SMALL SCREEN – Kyle Wells

The talk show shuffle

This month I want to talk about a few new shows coming up, and it’s admittedly going to be a bit of a potpourri. Hopefully there will be something for everyone.

First off, for those of you still lamenting the loss of your beloved Breaking Bad, the premiere of Better Call Saul on Feb. 8 on AMC may provide some solace. Even though it’s being touted as a drama, this spinoff, focusing on lawyer Saul played by Bob Odenkirk, will no doubt lean towards humour a little more than its parent show did, but maybe that’s just what the doctor ordered to get you out of your meth-cooking funk.

Those as sad as I was to see The Colbert Report go will rejoice in the fact that Last Week Tonight with John Oliver returns to HBO on Feb. 5. Oliver, another The Daily Show alum, is quite a different creature from Colbert, but, like many it seems, I enjoy his dry English humour and his commitment to longer pieces with some genuinely impressive investigative journalism.

Also literally filling the Colbert gap will be The Nightly Show with Larry Wilmore, another comedy news program from a Daily Show correspondent. Honestly, I’ve been watching more Colbert than Jon Stewart these last few years, but Wilmore has been a standout on the program and here’s hoping he follows in the footsteps of Colbert and Oliver by producing another outstanding show.

There’s a couple of reasons The Slap, an NBC miniseries premiering Feb. 12, intrigues me, but the main one is the people involved in it. On the acting side we have Peter Sarsgaard, Uma Thurman, Brian Cox and Thandie Newton, all impressive actors, and behind the camera we find Lisa Cholodenko, no slouch herself as the director of movies Laurel Canyon and The Kids Are All Right.
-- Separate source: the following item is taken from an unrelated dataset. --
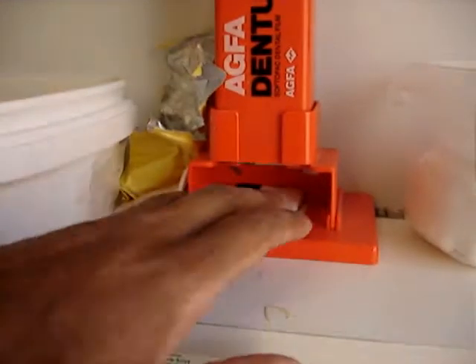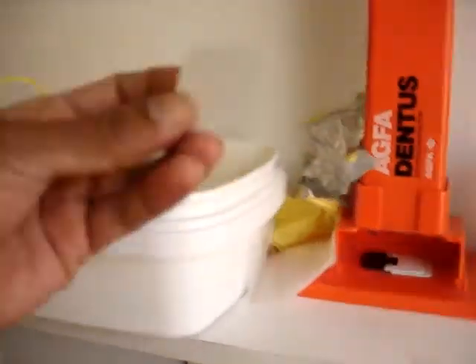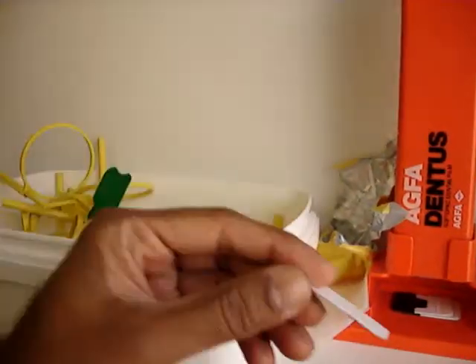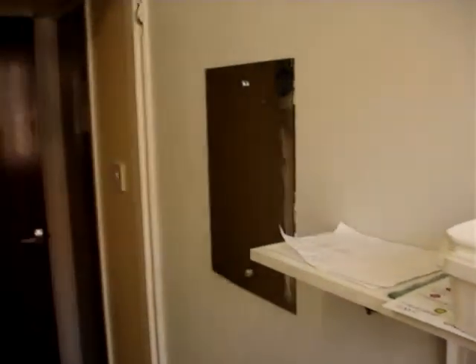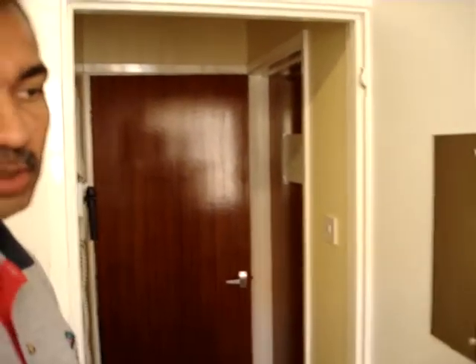Are these the things you use now, or are those the old ones? That's the old film — typical, with little tiny... The new ones are reusable. We don't use the old film anymore, but if a patient comes to the practice who's not our own patient and is totally new, we give them the old film to take on.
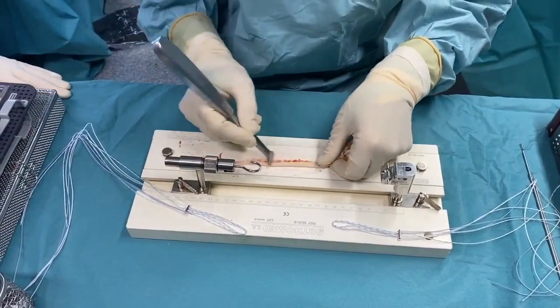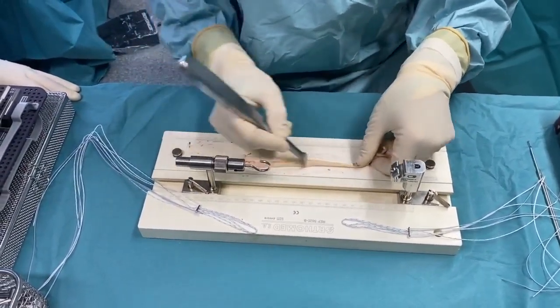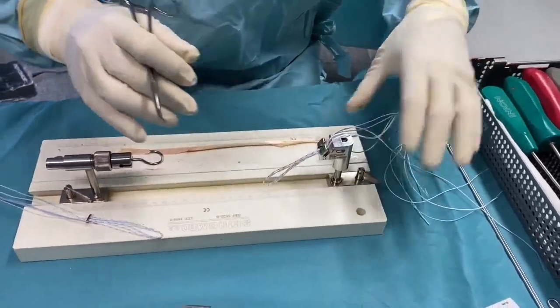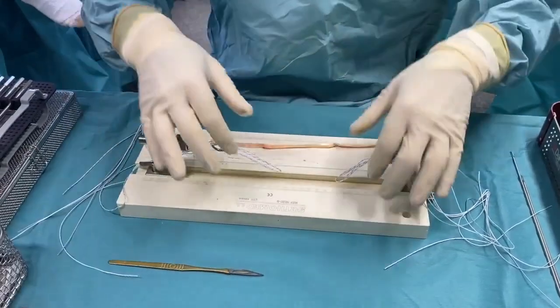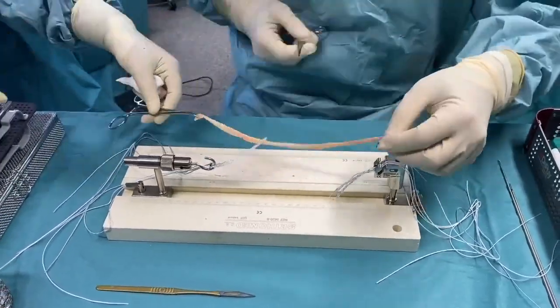Once the semitendinosus is harvested, any residual muscle adhesions are removed. Both endo buttons are placed on the table, then usually the tendon is passed from one loop to the other until a four-strand graft is created between the two clamps.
A remake of an Australian program, The Slap is about, well, a slap, inappropriately given at a birthday party that sets off a “chain of events that will uncover long buried secrets.” It sounds a little strange, so I’m sold.

I’m also sold on Night Will Fall, a Holocaust documentary airing on HBO Jan. 26. This sounds as though it’s going to be a tough watch, but perhaps an important one, with this premiere of a new documentary about the making of a British documentary about the liberation of the concentration camps at the end of the Second World War.

So there you go; an hour-long drama, a couple of comedies, one miniseries and a documentary. Take your pick.